Ha mostrato una certa sorpresa di fronte alla stampa per qualcosa che secondo lui non avrebbe ragione di creare polemiche. Il presidente del Consiglio Matteo Renzi, all’indomani del rinnovato appoggio concesso a denti stretti da Forza Italia e Silvio Berlusconi sulle modifiche alla legge elettorale, in cui si prevede che il il disegno di legge sul cosiddetto italicum venga applicato esclusivamente alla Camera dei deputati, ha detto ai giornalisti poco prima di lasciare Tunisi: “Il fatto che il Senato abbia o meno una norma elettorale nel momento in cui abbiamo deciso di superarlo è secondario. I cittadini devono sapere che andremo a votare solo per la Camera perché non voteremo più per il Senato“.
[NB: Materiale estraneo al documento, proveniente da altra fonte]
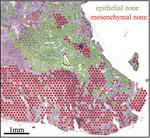 Spatial transcriptomic analysis of the ependymoma tumor microenvironment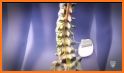 Spinal Intervention Pain Manag related image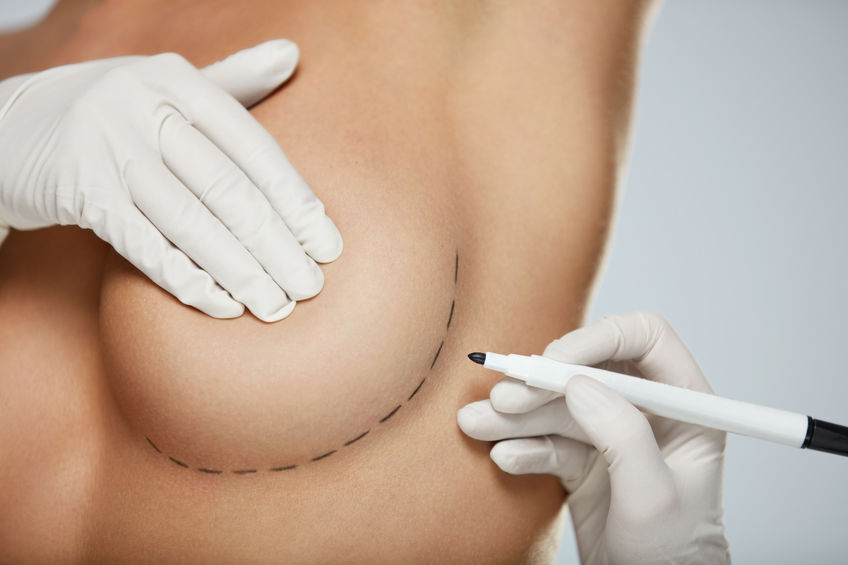 Comment l’augmentation mammaire peut-elle améliorer votre bien-être ?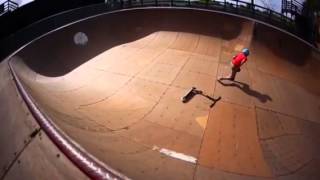 Scooter Faceplant Fail!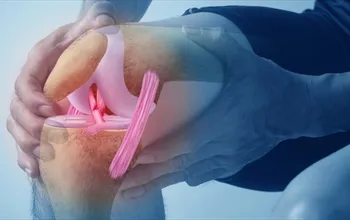 Çapraz bağ ameliyatı nedir? Çapraz bağ ameliyatı nasıl yapılır?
Il premier (foto by InfoPhoto) ha lanciato anche una frecciatina al Cavaliere: Vorrei far notare a Berlusconi e a tutti che stiamo realizzando ciò che ci eravamo impegnati a fare. Le polemiche di oggi non le capisco“.

Mercoledì 5 marzo la Camera si riunisce alle 10.30 per cominciare finalmente il passaggio in aula dell’italicum modificato. Il Partito democratico ha ritirato tutti gli emendamenti non compresi nell’accordo con Forza Italia, tranne uno: quello sulla cosiddetta parità di genere; l’imporre cioè che nella lista elettorale non ci siano consecutivamente due persone dello stesso sesso, e che complessivamente il numero dei candidati in lista sia ripartito al 50% tra uomini e donne. Anche il Nuovo centrodestra ha ritirato i suoi emendamenti.